Maalos
- Type: monthly publication
- Political alignment: Haredi Jewish
- Language: Yiddish

= Maalos =

Yiddish monthly magazine

Maalos (מעלות; "virtues, steps") is a Hasidic monthly magazine published in New York and mostly geared for women featuring a token section devoted to children. Maalos was founded by Sarah Jungreisz in 1996.

The editors have a distinct Yiddish spelling and grammar, and a distinct graphic layout. Many of the articles are written with the goal of fighting against modern assimilation. They also have articles discussing education and psychology.

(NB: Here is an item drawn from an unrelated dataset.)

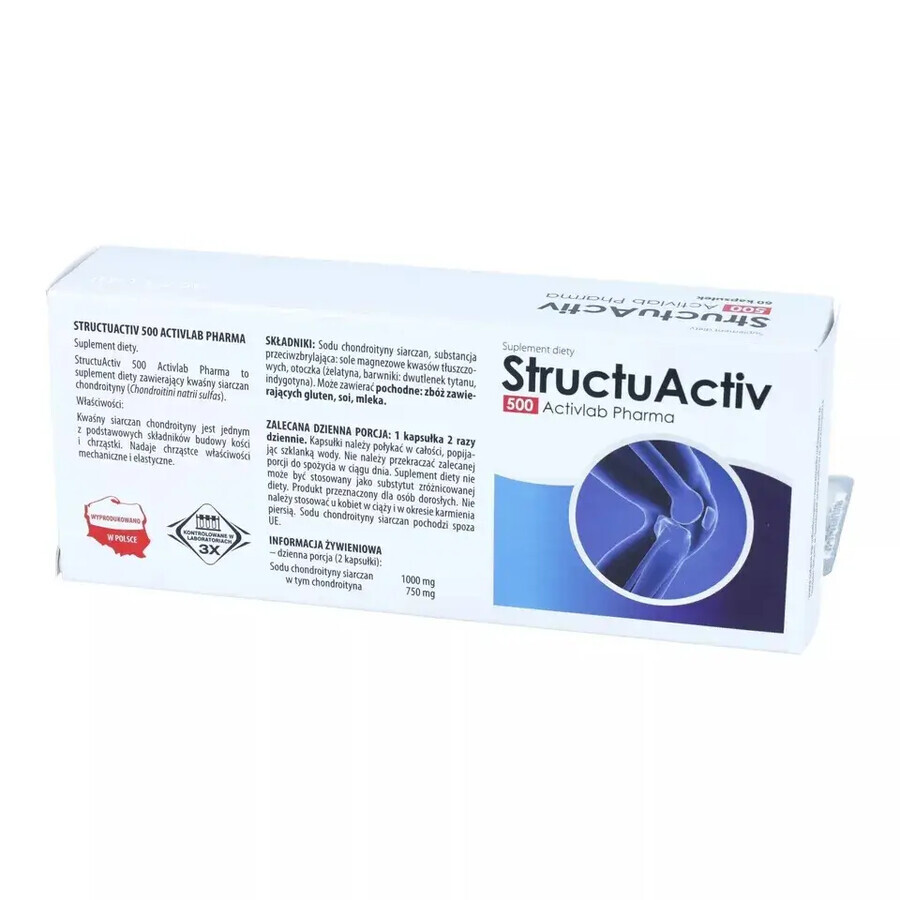 Activlab Pharma StructuActiv 500, 60 capsule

Although Maalos abides by the same stringent standards as other Hasidic publications—it provides moral instruction, features no images of women, and is anti-Zionist—it places more emphasis on literary excellence than its compatriots. For example, its fiction serials include historical fiction, YA fiction with a psychological bent, and articles or stories that employ lyrical language and poetic techniques. The nonfiction pieces run the gamut from well-researched scholarly write-ups to biographies of noteworthy personalities; from self-help columns on marriage, parenting, and business to thought-provoking or controversial essays on mental health and art. Additionally—and perhaps unintentionally—Maalos serves a similar function to the work of pre-World War I classic Yiddish writers like I. L. Peretz and S. Ansky: it documents Hasidic life by highlighting the people, the pressing issues, and the tales that are central to modern-day Hasidim.